### TASK DATA
'''

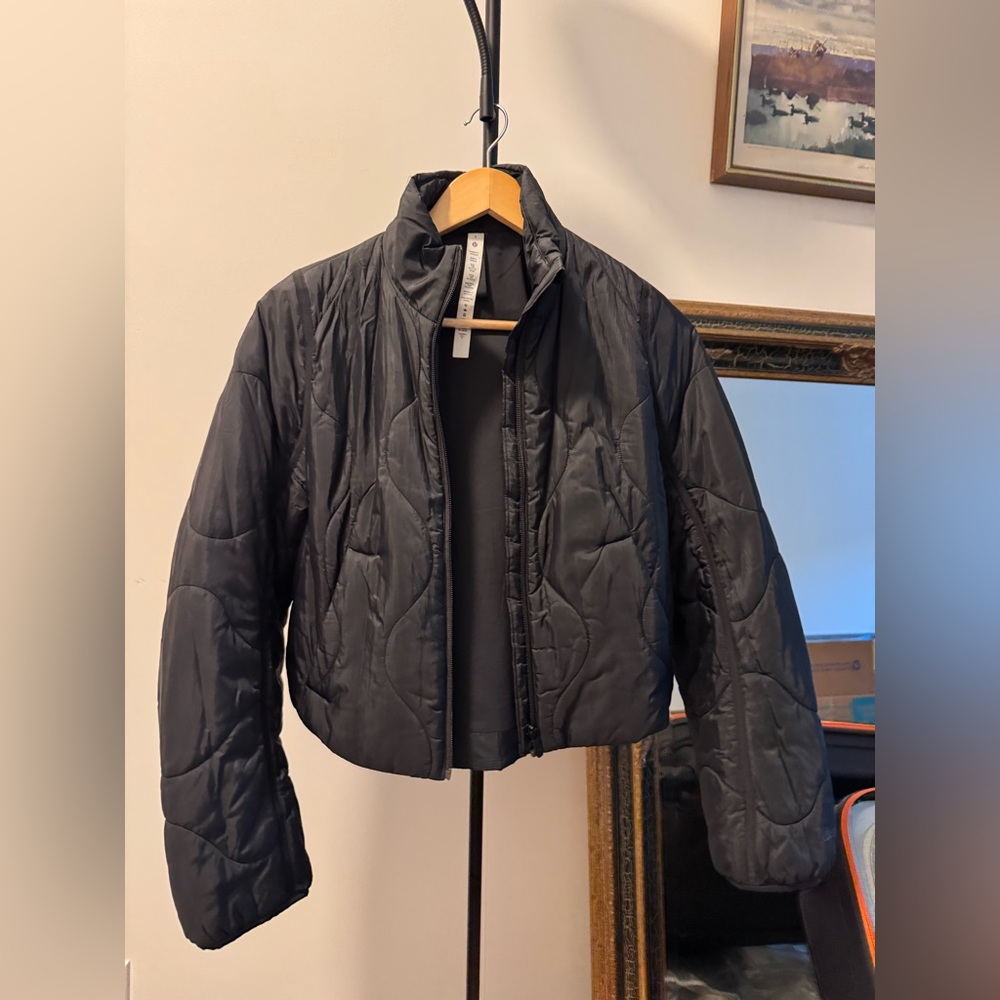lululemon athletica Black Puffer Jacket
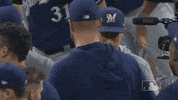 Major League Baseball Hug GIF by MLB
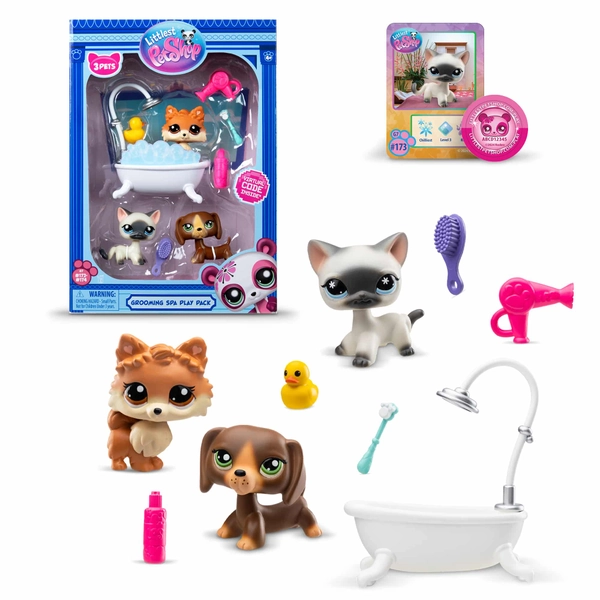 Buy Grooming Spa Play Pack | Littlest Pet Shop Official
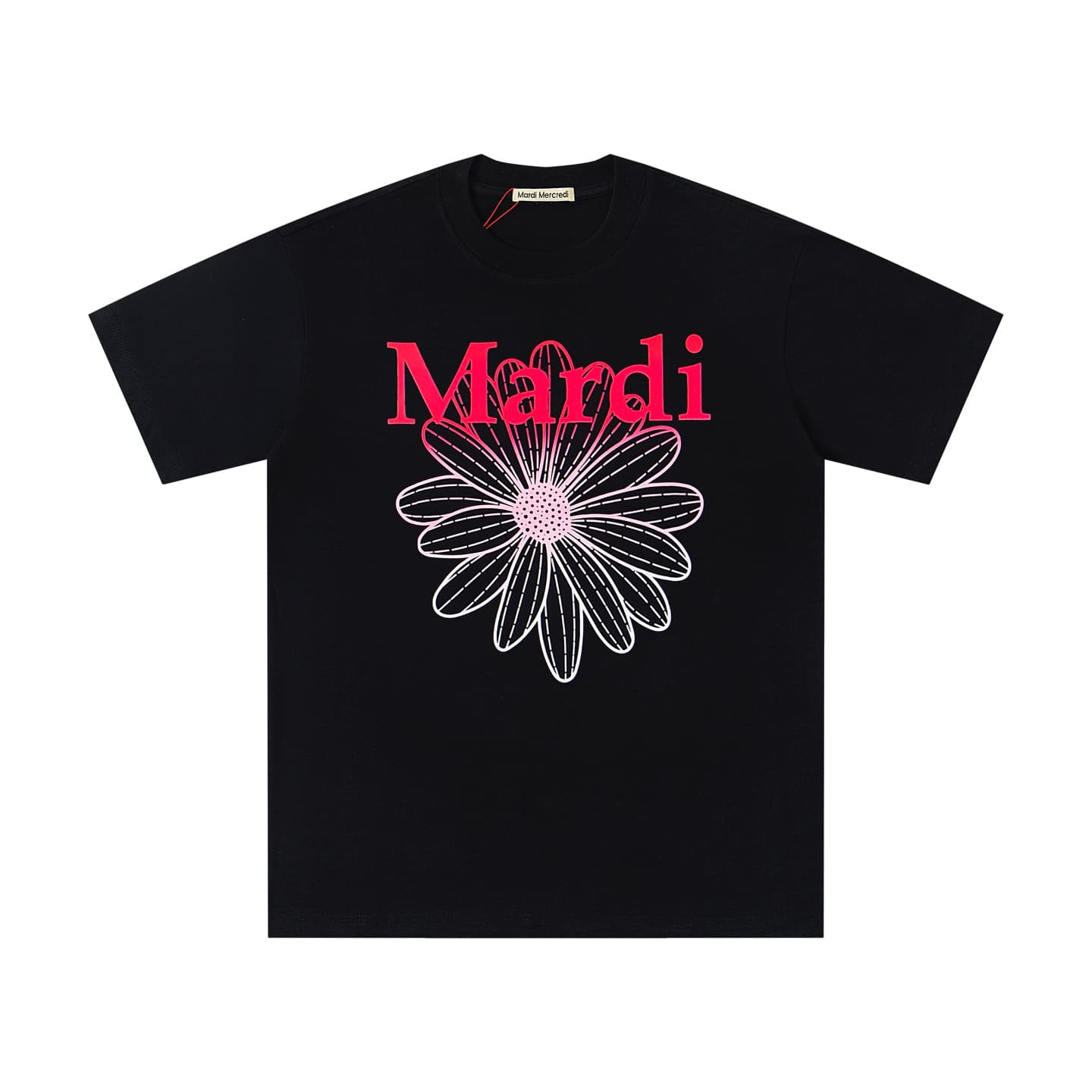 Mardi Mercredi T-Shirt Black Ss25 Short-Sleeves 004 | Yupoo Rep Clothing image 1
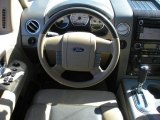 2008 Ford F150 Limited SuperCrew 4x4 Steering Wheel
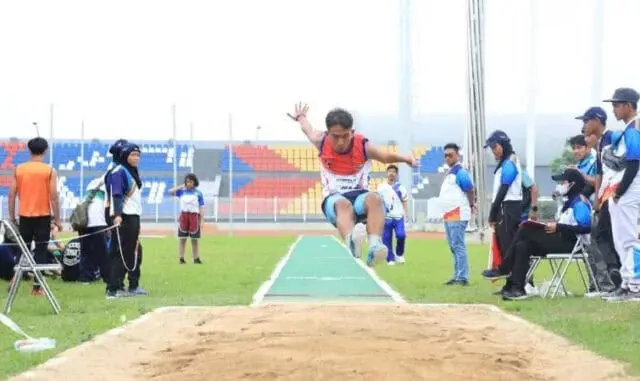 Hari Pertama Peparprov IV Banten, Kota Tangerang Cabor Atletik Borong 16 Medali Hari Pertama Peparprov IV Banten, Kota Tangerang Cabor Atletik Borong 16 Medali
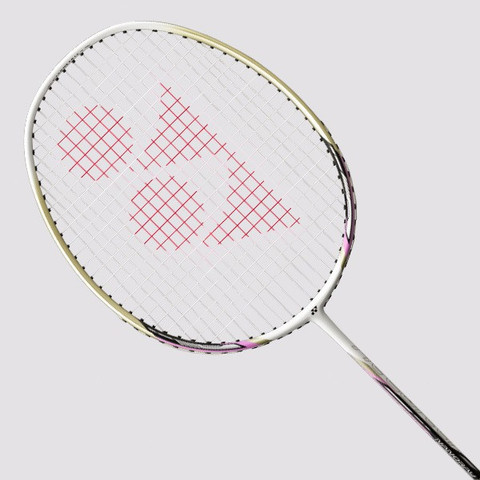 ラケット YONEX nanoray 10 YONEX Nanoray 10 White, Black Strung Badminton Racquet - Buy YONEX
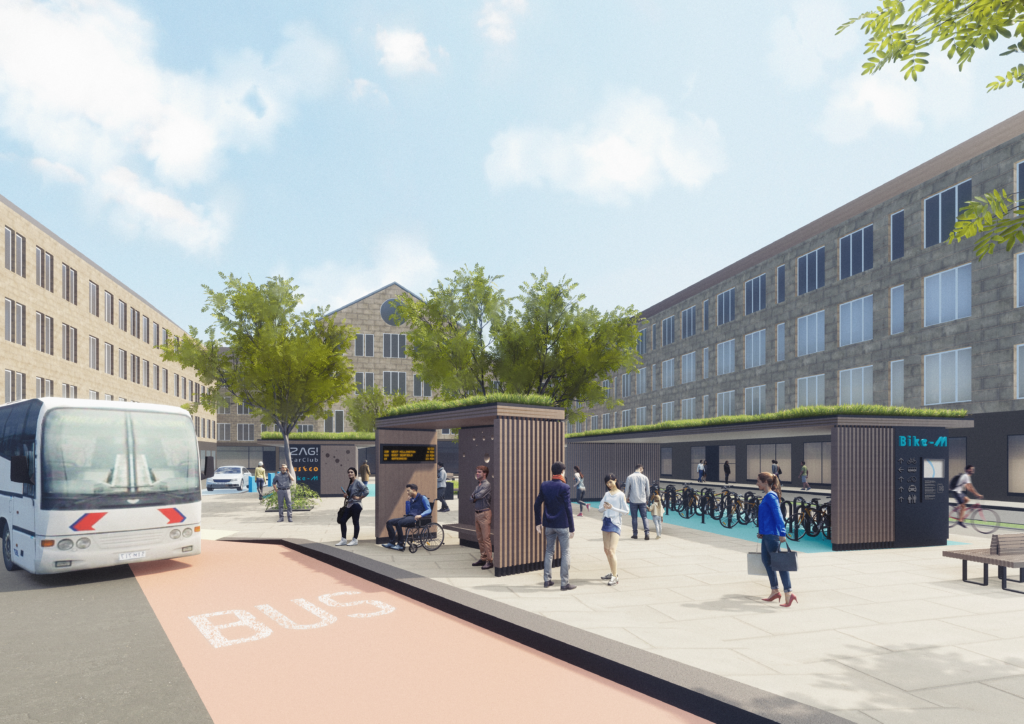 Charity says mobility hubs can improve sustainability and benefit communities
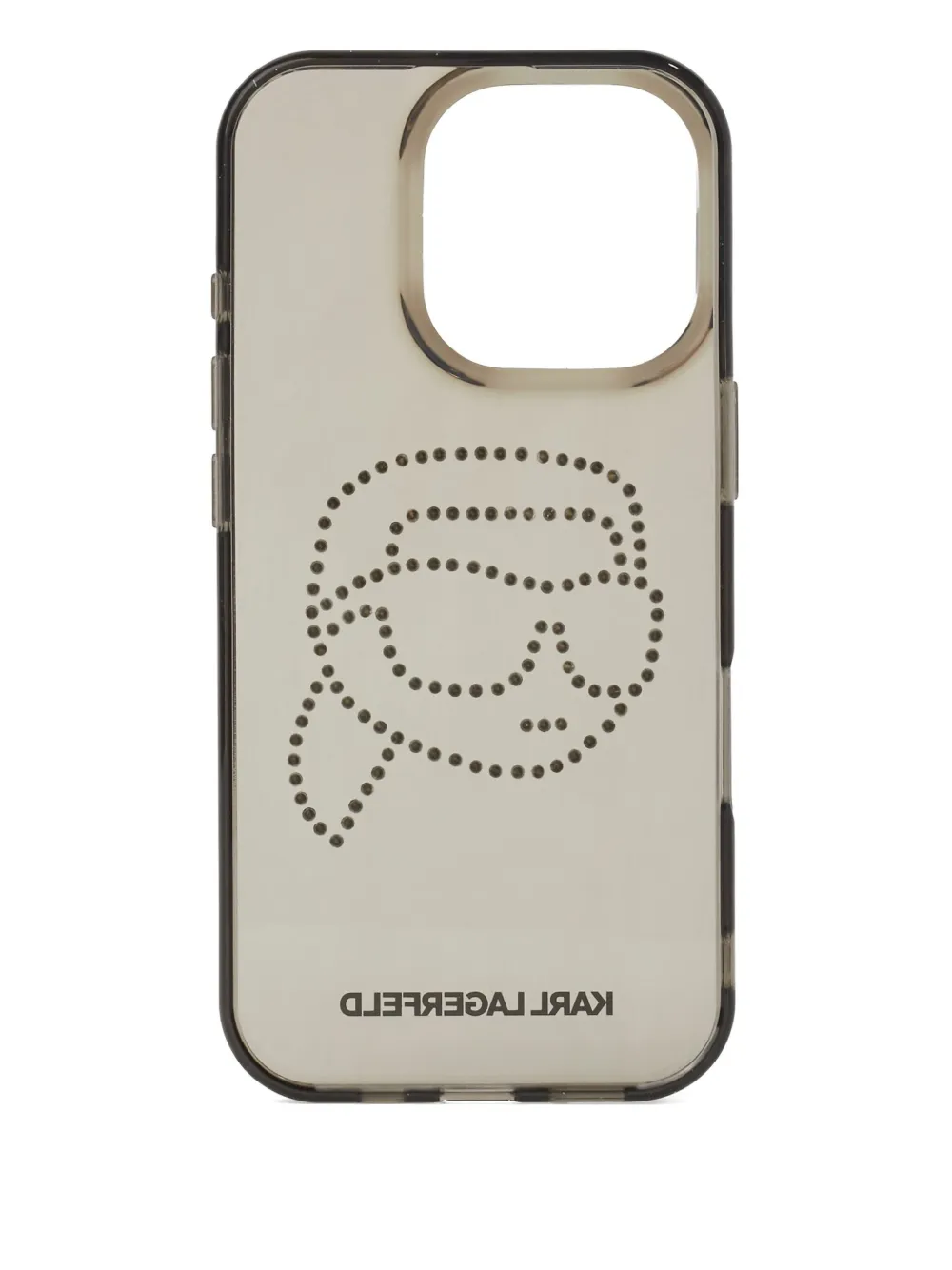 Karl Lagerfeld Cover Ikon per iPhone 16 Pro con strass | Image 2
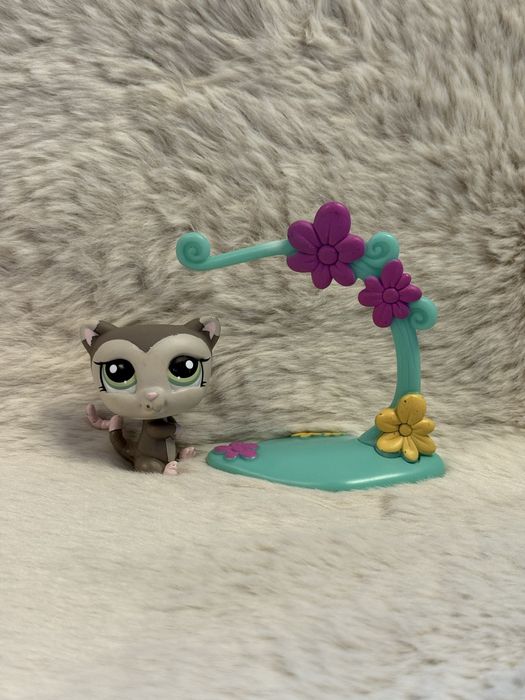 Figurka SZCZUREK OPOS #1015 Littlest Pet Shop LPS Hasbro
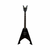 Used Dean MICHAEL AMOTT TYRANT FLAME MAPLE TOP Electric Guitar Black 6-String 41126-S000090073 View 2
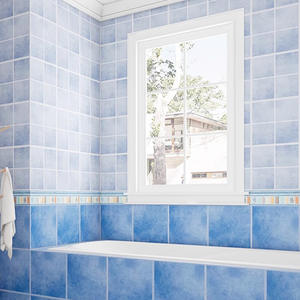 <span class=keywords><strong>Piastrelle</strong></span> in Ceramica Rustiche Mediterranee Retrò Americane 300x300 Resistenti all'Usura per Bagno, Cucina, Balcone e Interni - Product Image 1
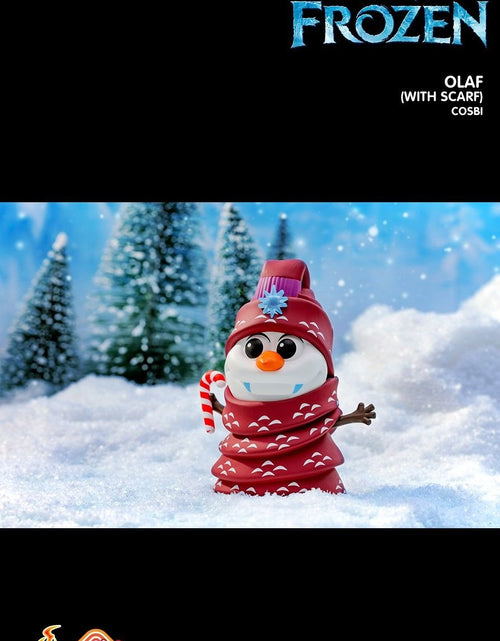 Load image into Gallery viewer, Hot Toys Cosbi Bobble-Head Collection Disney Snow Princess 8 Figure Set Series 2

'''

For this exercise, transcribe exactly the part of the records above that opens with the line containing "Karl Lagerfeld Cover" and closes with the one containing "Used Dean MICHAEL". Pictures are not part of the copy.

### RESPONSE TO THE EXERCISE
 Karl Lagerfeld Cover Ikon per iPhone 16 Pro con strass | Image 2
 Figurka SZCZUREK OPOS #1015 Littlest Pet Shop LPS Hasbro
 Used Dean MICHAEL AMOTT TYRANT FLAME MAPLE TOP Electric Guitar Black 6-String 41126-S000090073 View 2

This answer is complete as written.